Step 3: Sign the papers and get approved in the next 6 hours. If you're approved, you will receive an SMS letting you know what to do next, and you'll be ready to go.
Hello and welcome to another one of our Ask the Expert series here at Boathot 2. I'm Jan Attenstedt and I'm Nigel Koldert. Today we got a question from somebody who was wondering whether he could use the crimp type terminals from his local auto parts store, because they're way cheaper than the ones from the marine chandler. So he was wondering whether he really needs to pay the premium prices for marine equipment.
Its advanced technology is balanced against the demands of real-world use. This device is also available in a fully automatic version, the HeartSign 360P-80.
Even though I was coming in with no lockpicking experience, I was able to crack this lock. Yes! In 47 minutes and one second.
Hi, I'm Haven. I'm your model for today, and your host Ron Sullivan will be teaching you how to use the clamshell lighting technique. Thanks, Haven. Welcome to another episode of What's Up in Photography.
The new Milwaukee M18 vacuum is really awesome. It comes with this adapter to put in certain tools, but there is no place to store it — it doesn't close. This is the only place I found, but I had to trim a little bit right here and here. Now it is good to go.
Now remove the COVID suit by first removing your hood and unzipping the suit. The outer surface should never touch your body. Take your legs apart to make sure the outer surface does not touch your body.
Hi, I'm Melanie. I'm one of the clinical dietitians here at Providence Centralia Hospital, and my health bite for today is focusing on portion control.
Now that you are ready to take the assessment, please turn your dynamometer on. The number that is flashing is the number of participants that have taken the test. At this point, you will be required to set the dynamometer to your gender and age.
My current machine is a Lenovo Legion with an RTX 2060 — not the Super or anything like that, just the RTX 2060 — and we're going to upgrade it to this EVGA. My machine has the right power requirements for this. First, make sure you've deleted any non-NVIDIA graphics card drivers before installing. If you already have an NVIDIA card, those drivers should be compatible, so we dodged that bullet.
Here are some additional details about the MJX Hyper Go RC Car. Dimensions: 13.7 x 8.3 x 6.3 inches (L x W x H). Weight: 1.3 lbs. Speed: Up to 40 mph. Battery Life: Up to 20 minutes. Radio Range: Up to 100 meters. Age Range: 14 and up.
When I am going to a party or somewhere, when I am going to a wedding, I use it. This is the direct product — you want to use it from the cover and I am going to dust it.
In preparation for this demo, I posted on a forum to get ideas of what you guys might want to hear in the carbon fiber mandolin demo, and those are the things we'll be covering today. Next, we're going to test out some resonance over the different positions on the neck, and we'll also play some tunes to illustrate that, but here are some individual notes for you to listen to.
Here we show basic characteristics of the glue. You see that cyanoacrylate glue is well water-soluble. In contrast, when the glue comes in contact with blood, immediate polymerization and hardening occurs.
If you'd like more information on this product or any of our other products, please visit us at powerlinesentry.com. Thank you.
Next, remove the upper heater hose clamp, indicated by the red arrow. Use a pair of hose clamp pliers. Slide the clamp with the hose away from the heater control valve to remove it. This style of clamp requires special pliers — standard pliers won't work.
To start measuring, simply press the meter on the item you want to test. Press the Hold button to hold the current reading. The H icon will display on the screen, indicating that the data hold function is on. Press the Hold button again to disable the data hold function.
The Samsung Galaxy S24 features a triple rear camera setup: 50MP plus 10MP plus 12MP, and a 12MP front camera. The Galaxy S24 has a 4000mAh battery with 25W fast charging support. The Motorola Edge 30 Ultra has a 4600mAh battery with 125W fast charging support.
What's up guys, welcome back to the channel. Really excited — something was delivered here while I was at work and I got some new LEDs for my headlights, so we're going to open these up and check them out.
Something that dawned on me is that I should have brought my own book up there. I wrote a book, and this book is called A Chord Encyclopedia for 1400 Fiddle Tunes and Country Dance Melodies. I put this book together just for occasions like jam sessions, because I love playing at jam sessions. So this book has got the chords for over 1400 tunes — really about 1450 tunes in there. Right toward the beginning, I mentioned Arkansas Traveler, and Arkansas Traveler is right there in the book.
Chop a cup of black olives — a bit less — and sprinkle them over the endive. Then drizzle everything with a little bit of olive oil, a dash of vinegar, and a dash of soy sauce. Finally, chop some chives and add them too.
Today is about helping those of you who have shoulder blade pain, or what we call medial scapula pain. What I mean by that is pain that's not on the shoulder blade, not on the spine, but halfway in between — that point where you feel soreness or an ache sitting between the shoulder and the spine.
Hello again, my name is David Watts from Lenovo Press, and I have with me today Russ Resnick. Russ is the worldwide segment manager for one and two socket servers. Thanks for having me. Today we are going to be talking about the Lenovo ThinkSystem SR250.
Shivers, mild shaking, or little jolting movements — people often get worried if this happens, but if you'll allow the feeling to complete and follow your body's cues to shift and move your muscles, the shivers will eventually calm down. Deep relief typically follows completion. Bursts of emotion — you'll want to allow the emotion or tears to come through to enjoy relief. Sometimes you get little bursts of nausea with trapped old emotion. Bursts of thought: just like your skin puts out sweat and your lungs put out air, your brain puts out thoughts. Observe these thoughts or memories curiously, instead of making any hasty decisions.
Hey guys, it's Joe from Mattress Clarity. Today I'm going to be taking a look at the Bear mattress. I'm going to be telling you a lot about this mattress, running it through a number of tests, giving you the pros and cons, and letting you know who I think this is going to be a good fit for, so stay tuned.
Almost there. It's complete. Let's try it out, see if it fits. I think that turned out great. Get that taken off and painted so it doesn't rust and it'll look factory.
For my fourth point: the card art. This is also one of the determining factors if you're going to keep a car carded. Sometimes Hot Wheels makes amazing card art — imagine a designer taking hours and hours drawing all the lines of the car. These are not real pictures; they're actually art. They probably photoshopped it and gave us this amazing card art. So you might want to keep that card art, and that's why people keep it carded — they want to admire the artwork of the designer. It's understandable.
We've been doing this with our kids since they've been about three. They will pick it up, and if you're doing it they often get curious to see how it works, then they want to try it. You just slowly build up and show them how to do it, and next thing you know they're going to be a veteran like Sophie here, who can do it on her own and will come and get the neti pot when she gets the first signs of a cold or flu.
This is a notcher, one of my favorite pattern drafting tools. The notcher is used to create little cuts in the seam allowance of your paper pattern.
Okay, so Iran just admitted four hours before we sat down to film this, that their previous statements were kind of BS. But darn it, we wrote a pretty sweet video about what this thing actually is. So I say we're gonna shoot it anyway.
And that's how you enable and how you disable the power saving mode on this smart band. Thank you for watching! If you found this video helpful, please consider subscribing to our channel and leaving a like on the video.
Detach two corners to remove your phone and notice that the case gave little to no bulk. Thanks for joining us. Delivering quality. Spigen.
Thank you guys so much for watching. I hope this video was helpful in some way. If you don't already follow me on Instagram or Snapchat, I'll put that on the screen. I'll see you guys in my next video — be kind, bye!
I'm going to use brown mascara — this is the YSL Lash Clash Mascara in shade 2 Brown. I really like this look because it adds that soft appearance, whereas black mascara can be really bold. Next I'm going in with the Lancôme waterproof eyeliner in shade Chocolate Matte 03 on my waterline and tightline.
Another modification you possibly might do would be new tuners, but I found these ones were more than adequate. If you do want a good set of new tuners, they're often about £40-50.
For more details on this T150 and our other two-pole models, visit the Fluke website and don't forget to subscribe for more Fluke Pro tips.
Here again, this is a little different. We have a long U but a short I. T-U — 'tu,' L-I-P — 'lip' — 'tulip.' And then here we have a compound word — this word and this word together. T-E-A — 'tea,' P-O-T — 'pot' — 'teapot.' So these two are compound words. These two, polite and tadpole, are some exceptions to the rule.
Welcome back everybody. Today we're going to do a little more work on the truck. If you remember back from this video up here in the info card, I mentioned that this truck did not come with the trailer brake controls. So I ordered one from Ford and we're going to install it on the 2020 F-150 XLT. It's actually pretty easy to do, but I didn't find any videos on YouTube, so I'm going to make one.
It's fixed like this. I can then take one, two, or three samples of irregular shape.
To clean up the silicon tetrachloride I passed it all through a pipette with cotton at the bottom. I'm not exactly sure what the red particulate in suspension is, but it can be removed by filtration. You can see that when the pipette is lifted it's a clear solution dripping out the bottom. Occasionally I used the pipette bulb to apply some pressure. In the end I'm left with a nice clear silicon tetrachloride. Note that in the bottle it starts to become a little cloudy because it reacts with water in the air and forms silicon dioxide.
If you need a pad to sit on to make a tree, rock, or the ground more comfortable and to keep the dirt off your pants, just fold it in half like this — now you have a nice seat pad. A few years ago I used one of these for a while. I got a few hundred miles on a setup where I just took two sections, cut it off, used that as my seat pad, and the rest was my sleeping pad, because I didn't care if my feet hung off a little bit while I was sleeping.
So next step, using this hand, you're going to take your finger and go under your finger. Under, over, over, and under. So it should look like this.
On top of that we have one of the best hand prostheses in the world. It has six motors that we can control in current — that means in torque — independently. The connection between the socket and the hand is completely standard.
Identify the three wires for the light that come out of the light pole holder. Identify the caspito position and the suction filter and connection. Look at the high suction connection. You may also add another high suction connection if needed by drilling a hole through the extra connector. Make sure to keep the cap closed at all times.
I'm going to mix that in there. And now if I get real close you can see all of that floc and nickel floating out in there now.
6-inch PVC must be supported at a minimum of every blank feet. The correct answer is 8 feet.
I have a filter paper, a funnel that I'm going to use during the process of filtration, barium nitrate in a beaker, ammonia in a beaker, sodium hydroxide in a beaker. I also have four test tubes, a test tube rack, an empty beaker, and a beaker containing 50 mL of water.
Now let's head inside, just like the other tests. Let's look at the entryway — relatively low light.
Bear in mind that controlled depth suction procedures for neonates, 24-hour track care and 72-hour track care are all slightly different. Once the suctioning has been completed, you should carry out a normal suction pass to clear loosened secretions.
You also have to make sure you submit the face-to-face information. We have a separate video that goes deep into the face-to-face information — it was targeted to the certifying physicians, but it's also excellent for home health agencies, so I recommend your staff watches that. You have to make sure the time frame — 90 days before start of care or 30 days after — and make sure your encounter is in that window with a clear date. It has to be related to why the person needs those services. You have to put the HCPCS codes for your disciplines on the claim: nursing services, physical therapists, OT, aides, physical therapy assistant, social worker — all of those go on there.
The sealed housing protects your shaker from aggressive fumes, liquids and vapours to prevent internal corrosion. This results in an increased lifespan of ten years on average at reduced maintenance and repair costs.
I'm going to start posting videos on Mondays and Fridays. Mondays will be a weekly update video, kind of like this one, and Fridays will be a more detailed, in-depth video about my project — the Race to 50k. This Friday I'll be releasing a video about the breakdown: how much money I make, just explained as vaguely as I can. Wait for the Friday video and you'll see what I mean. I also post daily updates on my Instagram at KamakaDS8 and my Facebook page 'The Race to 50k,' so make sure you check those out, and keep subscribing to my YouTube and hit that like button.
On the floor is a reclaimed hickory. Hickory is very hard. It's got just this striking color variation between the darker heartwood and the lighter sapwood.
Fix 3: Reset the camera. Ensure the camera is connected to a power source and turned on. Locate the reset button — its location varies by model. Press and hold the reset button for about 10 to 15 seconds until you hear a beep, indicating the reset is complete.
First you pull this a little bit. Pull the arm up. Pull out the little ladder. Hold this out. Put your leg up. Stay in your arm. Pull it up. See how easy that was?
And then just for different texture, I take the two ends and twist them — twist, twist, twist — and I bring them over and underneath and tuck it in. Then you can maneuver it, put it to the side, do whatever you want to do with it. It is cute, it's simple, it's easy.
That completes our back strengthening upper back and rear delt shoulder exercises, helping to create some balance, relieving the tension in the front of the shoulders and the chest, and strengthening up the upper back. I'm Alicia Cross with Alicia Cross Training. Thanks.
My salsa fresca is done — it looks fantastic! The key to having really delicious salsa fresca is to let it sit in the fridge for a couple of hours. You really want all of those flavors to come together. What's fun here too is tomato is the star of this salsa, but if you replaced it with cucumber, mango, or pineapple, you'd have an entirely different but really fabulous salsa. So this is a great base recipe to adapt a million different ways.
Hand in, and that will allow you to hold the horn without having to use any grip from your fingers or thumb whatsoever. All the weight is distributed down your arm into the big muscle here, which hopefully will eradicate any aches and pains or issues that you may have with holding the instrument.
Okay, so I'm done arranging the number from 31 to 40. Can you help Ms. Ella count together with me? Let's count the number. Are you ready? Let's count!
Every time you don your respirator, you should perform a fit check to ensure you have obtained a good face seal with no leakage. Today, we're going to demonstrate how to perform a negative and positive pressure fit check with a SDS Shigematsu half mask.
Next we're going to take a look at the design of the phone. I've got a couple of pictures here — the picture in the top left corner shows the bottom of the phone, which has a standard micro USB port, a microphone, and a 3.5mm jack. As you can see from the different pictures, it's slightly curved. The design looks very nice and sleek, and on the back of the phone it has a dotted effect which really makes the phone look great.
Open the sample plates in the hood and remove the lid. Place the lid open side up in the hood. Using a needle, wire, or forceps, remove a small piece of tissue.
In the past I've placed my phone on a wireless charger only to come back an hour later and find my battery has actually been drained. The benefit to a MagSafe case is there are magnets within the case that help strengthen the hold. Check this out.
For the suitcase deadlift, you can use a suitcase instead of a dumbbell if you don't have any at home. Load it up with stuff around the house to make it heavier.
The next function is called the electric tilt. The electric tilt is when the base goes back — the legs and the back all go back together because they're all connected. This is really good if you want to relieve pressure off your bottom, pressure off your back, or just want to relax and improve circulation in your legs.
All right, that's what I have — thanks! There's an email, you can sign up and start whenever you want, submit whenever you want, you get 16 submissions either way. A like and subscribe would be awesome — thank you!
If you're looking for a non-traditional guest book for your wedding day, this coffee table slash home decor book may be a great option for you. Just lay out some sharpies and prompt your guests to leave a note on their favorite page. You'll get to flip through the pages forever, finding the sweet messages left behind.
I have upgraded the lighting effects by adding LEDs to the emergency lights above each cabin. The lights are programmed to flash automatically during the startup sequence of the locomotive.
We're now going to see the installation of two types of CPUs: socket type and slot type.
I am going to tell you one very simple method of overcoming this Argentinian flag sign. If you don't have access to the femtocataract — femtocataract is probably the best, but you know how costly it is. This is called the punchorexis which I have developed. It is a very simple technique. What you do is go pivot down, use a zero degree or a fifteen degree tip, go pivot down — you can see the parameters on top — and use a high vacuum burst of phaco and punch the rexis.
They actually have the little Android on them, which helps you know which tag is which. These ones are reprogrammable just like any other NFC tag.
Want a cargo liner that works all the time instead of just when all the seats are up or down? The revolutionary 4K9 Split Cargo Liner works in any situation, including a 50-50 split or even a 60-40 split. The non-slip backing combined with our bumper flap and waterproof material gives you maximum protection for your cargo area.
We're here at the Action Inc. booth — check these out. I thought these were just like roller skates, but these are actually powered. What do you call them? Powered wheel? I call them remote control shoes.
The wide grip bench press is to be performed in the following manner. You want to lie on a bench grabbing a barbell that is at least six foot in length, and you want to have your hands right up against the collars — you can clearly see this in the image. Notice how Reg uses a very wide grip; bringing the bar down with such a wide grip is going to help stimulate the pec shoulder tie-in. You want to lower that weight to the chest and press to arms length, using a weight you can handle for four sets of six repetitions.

WHAT YOU HAVE TO DO
Would you please repeat, exactly as written, the lines from the one containing "We're here at" through the end of the listing above, including both, and only those?

RESULT OF THE EXERCISE
We're here at the Action Inc. booth — check these out. I thought these were just like roller skates, but these are actually powered. What do you call them? Powered wheel? I call them remote control shoes.
The wide grip bench press is to be performed in the following manner. You want to lie on a bench grabbing a barbell that is at least six foot in length, and you want to have your hands right up against the collars — you can clearly see this in the image. Notice how Reg uses a very wide grip; bringing the bar down with such a wide grip is going to help stimulate the pec shoulder tie-in. You want to lower that weight to the chest and press to arms length, using a weight you can handle for four sets of six repetitions.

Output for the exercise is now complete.